SOURCE DATA:
◇ ◇ ◇
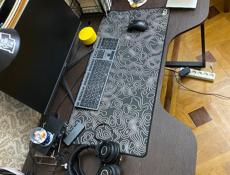 Продам компьютерный стол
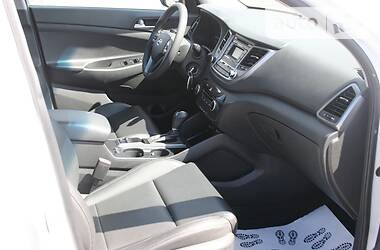 Внедорожник / Кроссовер Hyundai Tucson 2015 в Киеве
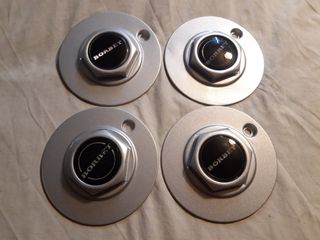 2 + 2 Llantas Borbet 17" 5x112 y sus tapas.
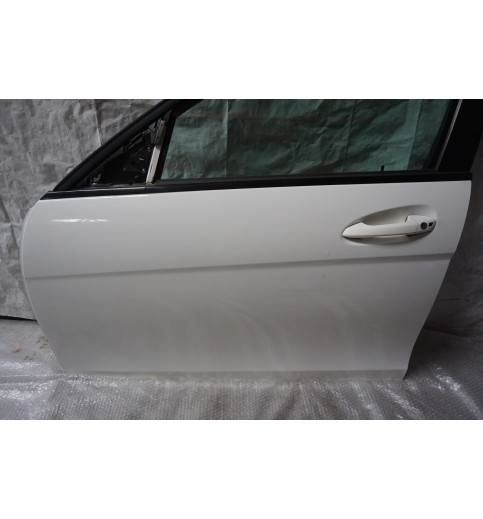 Mercedes C-Klasse W204 Tür vorne links Fahrertür Polarweiß 149 2007-2014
◇ ◇ ◇
TASK: Everything in the listing should be repeated exactly except the pictures.

RESULT OF THE TASK:
 Продам компьютерный стол
 Внедорожник / Кроссовер Hyundai Tucson 2015 в Киеве
 2 + 2 Llantas Borbet 17" 5x112 y sus tapas.
 Mercedes C-Klasse W204 Tür vorne links Fahrertür Polarweiß 149 2007-2014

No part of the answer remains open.